Most mainstream economists and farm-state politicians look at the Stiegelmeier experiment as a quirky, barely viable enterprise in an ocean of commodity grain. But agricultural economist Tom Dobbs sees something else. A professor emeritus at South Dakota State University and a Food and Society Policy Fellow, Dobbs is convinced that the Stiegelmeier farm is a model for the future—not because it is idealistic or good for the land, which it is, but because it works on the most remote, improbable farmland in the nation. “We think of the Great Plains as a buffer. In good times, grain production should expand, in bad times contract. But with farm subsidies, instead of buffering, we have created permanent overproduction, and disaster payments just encourage production on marginal lands. What the Stiegelmeiers are doing is an entirely different approach, and they are not alone.”

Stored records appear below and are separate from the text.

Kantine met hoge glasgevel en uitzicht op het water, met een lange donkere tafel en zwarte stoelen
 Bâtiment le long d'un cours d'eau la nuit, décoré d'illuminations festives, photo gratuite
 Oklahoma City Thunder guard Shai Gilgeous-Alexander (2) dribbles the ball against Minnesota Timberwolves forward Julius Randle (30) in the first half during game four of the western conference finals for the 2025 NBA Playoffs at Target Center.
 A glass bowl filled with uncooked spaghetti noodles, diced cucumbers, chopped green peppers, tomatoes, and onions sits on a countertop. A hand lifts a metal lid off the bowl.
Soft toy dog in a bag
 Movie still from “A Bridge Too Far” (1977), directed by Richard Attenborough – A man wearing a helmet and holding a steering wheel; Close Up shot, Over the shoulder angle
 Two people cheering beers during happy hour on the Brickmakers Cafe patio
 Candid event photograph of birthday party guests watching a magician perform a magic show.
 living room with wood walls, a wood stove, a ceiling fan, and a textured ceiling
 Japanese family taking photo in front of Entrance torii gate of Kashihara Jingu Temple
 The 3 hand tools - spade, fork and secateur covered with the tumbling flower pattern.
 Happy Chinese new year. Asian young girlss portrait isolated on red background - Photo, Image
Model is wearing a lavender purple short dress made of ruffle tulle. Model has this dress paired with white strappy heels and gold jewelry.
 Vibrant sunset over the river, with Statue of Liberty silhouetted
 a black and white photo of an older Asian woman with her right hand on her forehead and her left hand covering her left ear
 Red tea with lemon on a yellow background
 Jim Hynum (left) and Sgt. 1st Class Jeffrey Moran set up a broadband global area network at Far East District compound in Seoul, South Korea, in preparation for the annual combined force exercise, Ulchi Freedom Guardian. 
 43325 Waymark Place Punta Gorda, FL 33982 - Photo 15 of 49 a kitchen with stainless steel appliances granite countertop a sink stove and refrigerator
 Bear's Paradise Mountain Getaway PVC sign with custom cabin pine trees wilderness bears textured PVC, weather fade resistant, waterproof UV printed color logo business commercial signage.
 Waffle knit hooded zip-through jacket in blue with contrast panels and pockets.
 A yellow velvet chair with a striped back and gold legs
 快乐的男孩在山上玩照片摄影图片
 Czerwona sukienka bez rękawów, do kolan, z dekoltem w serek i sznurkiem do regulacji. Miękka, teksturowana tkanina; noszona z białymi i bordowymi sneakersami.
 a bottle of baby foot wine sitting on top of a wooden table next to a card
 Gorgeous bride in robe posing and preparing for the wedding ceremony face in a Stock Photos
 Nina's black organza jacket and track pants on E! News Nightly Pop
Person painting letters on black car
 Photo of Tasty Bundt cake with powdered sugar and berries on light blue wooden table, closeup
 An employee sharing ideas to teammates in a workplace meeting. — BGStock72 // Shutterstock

Dobbs’s recognition of the unique character of farming on the Plains is much like the vision offered by John Wesley Powell in his explorations of the region after the Civil War. Powell argued that small family farms could never work on the Plains. The terrain was too harsh. Disasters weren’t freak incidents, they were constant. Rather than trying to force the western lands to accommodate farming practices developed in the deep soils of the Ohio River Valley, Powell advocated organizing lands on the edge of the 100th meridian into cattle farms, supported by diverse crops where the land was suitable, surrounded by large pastures—which is exactly what the Stieg­elmeiers have done. “The farms and ranches along the 100th meridian can be productive,” Dobbs says. “But federal policy should not promote cropping systems that don’t suit the ecosystem.”



For Dobbs, the current Congressional debate that focuses on limiting commodity payments to rich farmers is a distraction. “Of course, close the loopholes. But people will always find new ones. Caps may work for a short time, but people will always find a way to get around them.” What is lost in the caps debate, says Dobbs, is the opportunity to shift the entire paradigm of federal farm policy from subsidies and price supports to conservation, stewardship, and support for innovators like the Stie­gel­meiers.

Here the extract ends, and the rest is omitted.